By literally putting the documentation process in people's hands, this allows participants to determine what is recorded, and to take control of this process. The use of the network and BOLD methodology also has wider implications for participants' understanding of the workflow used in contemporary language documentation. In coming to understand that what they record can be listened to by anyone, and that additional annotations can be made on original recordings, people can learn in a practical way about the distribution and use of digital artefacts. This means people can immediately begin to understand the implications of the documentation project, and consent to participation is informed on a much more immediate level. Since writing the original abstract for this paper, I have started a small research project with the Aikuma team to test the effectiveness of the application in the collection of audio recordings in Nepal, and also as a tool of building better informed consent. The quality of recording on mobile phone handsets is not yet the same quality as that of a professional quality solid state audio device, but there is no reason that Aikuma could not occur in parallel to the linguist's own language documentation workflow.
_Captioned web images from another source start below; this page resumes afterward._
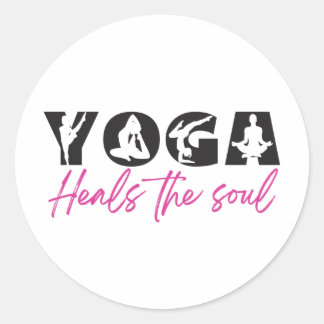 Yoga Heals Soul Runt Klistermärke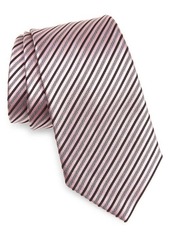 ZEGNA Rasi Stripe Silk Tie in Stripes Pink at Nordstrom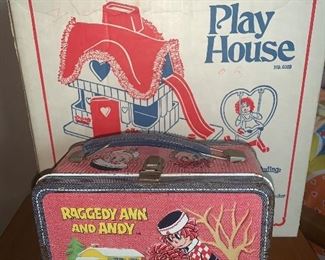 Vintage Raggedy Ann and Andy lunch box with thermos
In this way the linguist could use Aikuma as a tool to help educate participants in digital data.
Future directions and challenges
While these are not the only projects that are proactively bridging the gap between the researcher and participants, they do illustrate some of the future challenges that linguistics and the digital humanities face. Above I discussed the benefits of building community education into language documentation projects, in this section I wish to touch on a range of challenges, and how we might rise to meet them. These challenges are broken down into language community challenges, research community challenges and technological challenges.
The biggest challenge we face in providing access to digital learning for the communities we work with is that these groups are highly heterogeneous, and all have their own needs and interests. Therefore, although I singled out the two projects above as being good models of engagement, they may not provide solutions relevant to all communities or projects. The Iltyem-iltyem project in particular was built upon the needs of a very specific group of communities where sign language traditions are still strong, and where interest and access to the Internet is growing. Even Aikuma, which is designed to be as broadly applicable as possible, has not had complete success at all trial sites, as finding a text-minimal interface and process that is remains functional is a challenge that is still being negotiated (Bird p.c.). Different communities will already have access to different levels of technology, as well as their own cultural attitudes that may inform their opinions regarding the use of technology and transfer of digital information. Linguists have always had to take into account the needs of different communities, but the technological needs pose a new level of need for considered discussion with the we work with. They may have expectations of what we can provide them in terms of technological infrastructure that are beyond the scope of what we are able to offer, or there may be people who feel left out from the process. These challenges are perhaps the most difficult of all, as there is no single solution, but the more researchers share their experiences of bringing digital humanities methodologies to the communities they work with, the better placed we will all be in our work.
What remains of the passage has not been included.